Materials and methods
A controlled clinical trial (double-blind-randomized) was carried out in 30 patients, who presented DTM problems of arthrogenic etiology, who were admitted to the Clinic of Temporomandibular Dysfunction-Faculty of Dentistry, UASLP, México. Carrying out lower risk therapeutic procedures, respecting the norms dictated by the OMS and the Helsinki Conference in reference to experimental medical research carried out in humans. With acceptance of the Institutional Research Ethics Committee (CEIFE/022/09), the patients were informed of the purposes and risks of the study, verbally and through informed consent, signed voluntarily their participation.
Patients with a family hereditary history of cancer, pacemakers, hypertension, epilepsy, pregnant or lactating, with thyroid diseases, hypersensitivity to the drug formula (piroxicam), with gastric ulcer, hemorrhage or anticoagulant treatment, with kidney damage, with severe laterognathia (5mm or more) or patients with systemic hypermobility syndrome were excluded. Likewise, intra observer consistency was evaluated in the expert for the examination of positions and movements. For this, 15 patients who attended were selected, each of these patients was reviewed by the expert on 2 separate occasions. The R2.11.1 program was used: intraclass correlation coefficient analysis, Lin's concordance coefficient and repeatability coefficient of all measured variables were performed. The digital pressure used (in TMJ and orofacial muscles, initially) was calibrated and assessed bilaterally for 2 seconds using a digital scale (2 pounds for extraoral muscles/1 pound for intraoral and TMJ). All of these evaluations returned ranges from good to perfect. Except for consistency tests, pressure on the extraoral muscles, with a poor range. This leads to elimination of myogenic patients (characterized by pain in mandibular movements or in its function, and confirmation in its location, to palpation in masticatory muscles: masseter, temporal) giving way alone, to patients of the arthrogenic group (30 patients). Finally, selecting both sexes, between 18 and 60 years, mouth opening less than 40mm, joint pain of more than 6 months, audible click(s) when opening and closing the mouth, present to palpation by placing index fingers (calibrated/ consistency tests) in ATM zones (evaluation in both joints), without sounds of crepitus, nor mandibular blockage (subluxation or joint blocks).

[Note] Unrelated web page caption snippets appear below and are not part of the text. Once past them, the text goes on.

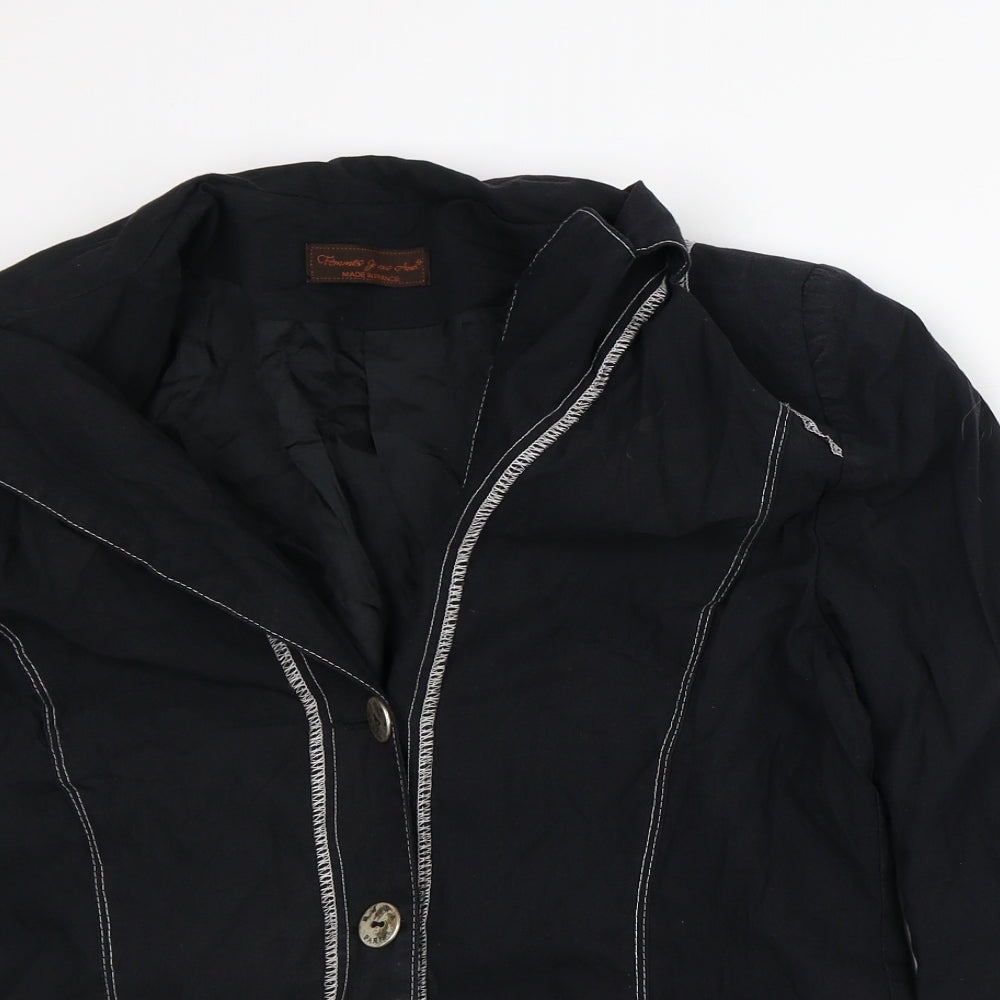 Femmes je Vous Aime Womens Black Striped Jacket Size S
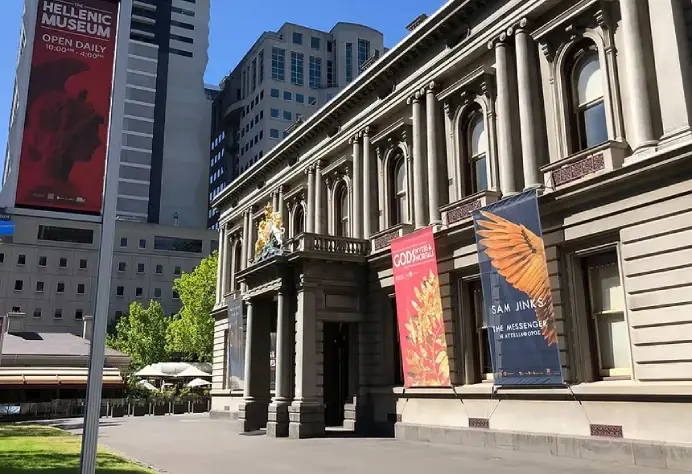 Exterior heritage architecture of the Hellenic Museum located on William Street in Melbourne CBD.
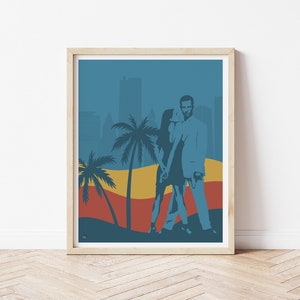 Puede incluir: Una ilustraci&oacute;n digital de una pareja de pie frente a un horizonte de ciudad con palmeras y una puesta de sol en el fondo. La pareja est&aacute; silueteada en azul, y el horizonte de la ciudad est&aacute; en el fondo. La puesta de sol est&aacute; en tonos de rojo, naranja y amarillo.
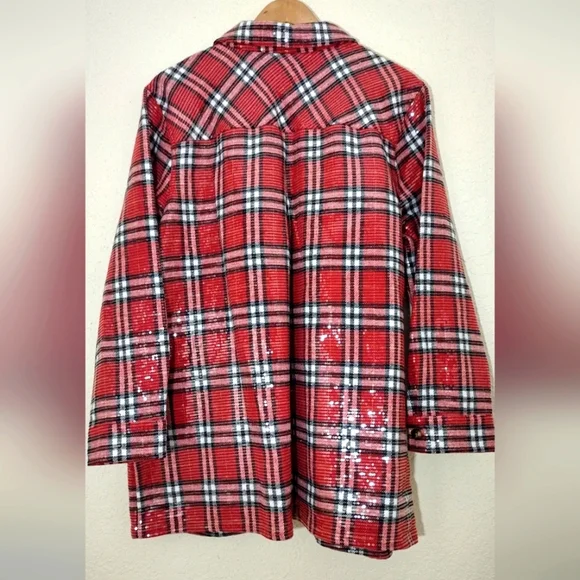 Jingle Belles by Kim Gravel Sequin Plaid Lumberjill Shacket - Picture 7 of 7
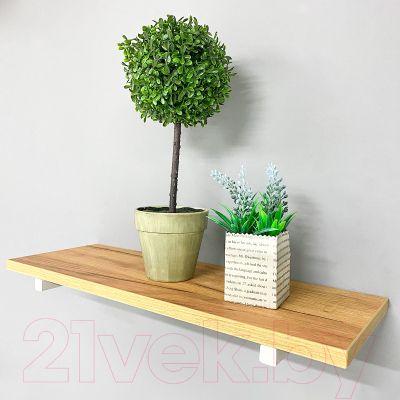 Полка Millwood Настенная с кронштейном 40x20 (дуб золотой Craft/белый)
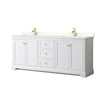 Custom image for White with Brushed Gold Trim / White Quartz / No Mirror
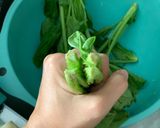 Hình bước làm 1 của món Cải Bó Xôi Trộn Dầu Mè Hàn Quốc
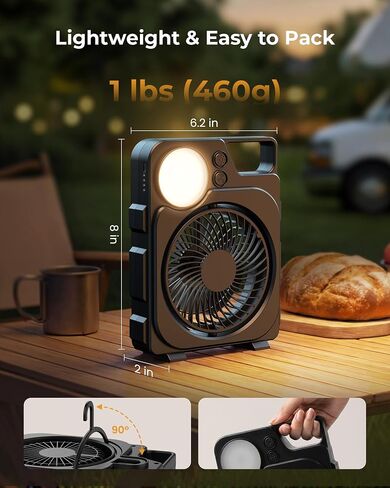 12000mAh Rechargeable Portable Fan, Up to 45H Runtime, Battery Powered Fan with LED Light & Hook, 3 Speeds & 3CCT, Camping Fan for Travel, Camping, Tent, Office, Bedroom in Kuwait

Randomization was carried out using a list of block numbers (random) previously made (package R 2.9.1) that corresponded to the experimental group ''A'' (active LT+NSAID) and to the control group ''B'' (Non-active LT-''passive''+NSAIDs) according to the order of appearance of each patient, being marked (canceled), giving rise to the next one. For blinding (double blind), the evaluator was asked to leave the clinic for the 'application' of treatment (as appropriate). The application protocol was simulated in the control group (supposed laser application and lens placement) without being turned on (passive). Later, the clinical assessment was made. This was done at each visit by an expert (after clinical calibration-intra observer consistency tests). The evaluator was blinded to the hypothesis and the application.
On the other hand, an LLLT (Gallium Arsenide-Quantum ® IR810, therapeutic laser, Laser Systems, Qro, MX.) was used with the following specifications: main power: 120v, output optical power: 100-200 mw, wavelength: 810 nm, emission: PW=Pulsed (1-10,000 Hz), Divergence: 7.9°, Dose: 10 jouls-cm². The treatment consis- ted of five laser applications (three times, the first week and two the following week). One month later, the follow-up appointment was given, with a total of six appointments. The patient located the area of pain in the TMJ and the LLLT was applied on two occasions, one in a punctual manner (1.44 minutes) with the mouth closed and another, with the mouth semi-open with the ''sweeping'' techni- que at each of the ATMs. The clinical evaluation was carried out at each appointment, after placing the LLLT in the same way in the two groups. The dose is the most important parameter, it refers to the amount of energy per unit area in a tissue. In the calculation, the area was measured in cm². In the following formula, the ''D'' is the measurement in Joules per square centimeter (J/cm²) and is calculated as follows: Pxt/A=(100 mW x 104 seg.)1 cm² =10 Joules/cm² It is therefore recommended to use the laser 3-4 times a week, with moderate doses. Others recommend at least one application per week (14,16), coinciding with the treatment scheme carried out.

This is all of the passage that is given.